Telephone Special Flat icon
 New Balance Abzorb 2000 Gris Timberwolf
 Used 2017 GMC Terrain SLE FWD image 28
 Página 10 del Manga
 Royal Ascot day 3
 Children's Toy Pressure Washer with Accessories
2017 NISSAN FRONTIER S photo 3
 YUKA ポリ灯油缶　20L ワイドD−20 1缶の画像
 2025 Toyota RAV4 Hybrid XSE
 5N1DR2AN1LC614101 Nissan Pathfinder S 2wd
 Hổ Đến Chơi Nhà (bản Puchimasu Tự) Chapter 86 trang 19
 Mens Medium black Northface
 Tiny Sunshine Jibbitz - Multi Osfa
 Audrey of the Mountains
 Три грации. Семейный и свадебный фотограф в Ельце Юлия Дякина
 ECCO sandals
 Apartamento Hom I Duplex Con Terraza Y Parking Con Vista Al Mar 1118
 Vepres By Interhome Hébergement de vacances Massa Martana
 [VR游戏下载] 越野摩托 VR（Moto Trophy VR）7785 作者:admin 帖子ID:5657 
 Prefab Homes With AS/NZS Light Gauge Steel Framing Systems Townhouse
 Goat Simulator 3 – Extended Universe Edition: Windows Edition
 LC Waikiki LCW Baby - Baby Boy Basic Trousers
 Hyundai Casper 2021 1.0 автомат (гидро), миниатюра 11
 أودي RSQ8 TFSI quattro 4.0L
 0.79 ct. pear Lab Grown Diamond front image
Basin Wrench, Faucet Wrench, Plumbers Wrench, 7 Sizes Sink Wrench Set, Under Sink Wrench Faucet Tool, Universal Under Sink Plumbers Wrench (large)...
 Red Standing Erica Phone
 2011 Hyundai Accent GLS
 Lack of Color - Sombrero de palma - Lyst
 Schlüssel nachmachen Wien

● TO DO
Each line from the one containing "YUKA ポリ灯油缶　20L ワイドD−20 1缶の画像" to the end of the listing above must be printed exactly, and no other line may appear.

● OUTPUT FOR THIS EXERCISE
 YUKA ポリ灯油缶　20L ワイドD−20 1缶の画像
 2025 Toyota RAV4 Hybrid XSE
 5N1DR2AN1LC614101 Nissan Pathfinder S 2wd
 Hổ Đến Chơi Nhà (bản Puchimasu Tự) Chapter 86 trang 19
 Mens Medium black Northface
 Tiny Sunshine Jibbitz - Multi Osfa
 Audrey of the Mountains
 Три грации. Семейный и свадебный фотограф в Ельце Юлия Дякина
 ECCO sandals
 Apartamento Hom I Duplex Con Terraza Y Parking Con Vista Al Mar 1118
 Vepres By Interhome Hébergement de vacances Massa Martana
 [VR游戏下载] 越野摩托 VR（Moto Trophy VR）7785 作者:admin 帖子ID:5657 
 Prefab Homes With AS/NZS Light Gauge Steel Framing Systems Townhouse
 Goat Simulator 3 – Extended Universe Edition: Windows Edition
 LC Waikiki LCW Baby - Baby Boy Basic Trousers
 Hyundai Casper 2021 1.0 автомат (гидро), миниатюра 11
 أودي RSQ8 TFSI quattro 4.0L
 0.79 ct. pear Lab Grown Diamond front image
Basin Wrench, Faucet Wrench, Plumbers Wrench, 7 Sizes Sink Wrench Set, Under Sink Wrench Faucet Tool, Universal Under Sink Plumbers Wrench (large)...
 Red Standing Erica Phone
 2011 Hyundai Accent GLS
 Lack of Color - Sombrero de palma - Lyst
 Schlüssel nachmachen Wien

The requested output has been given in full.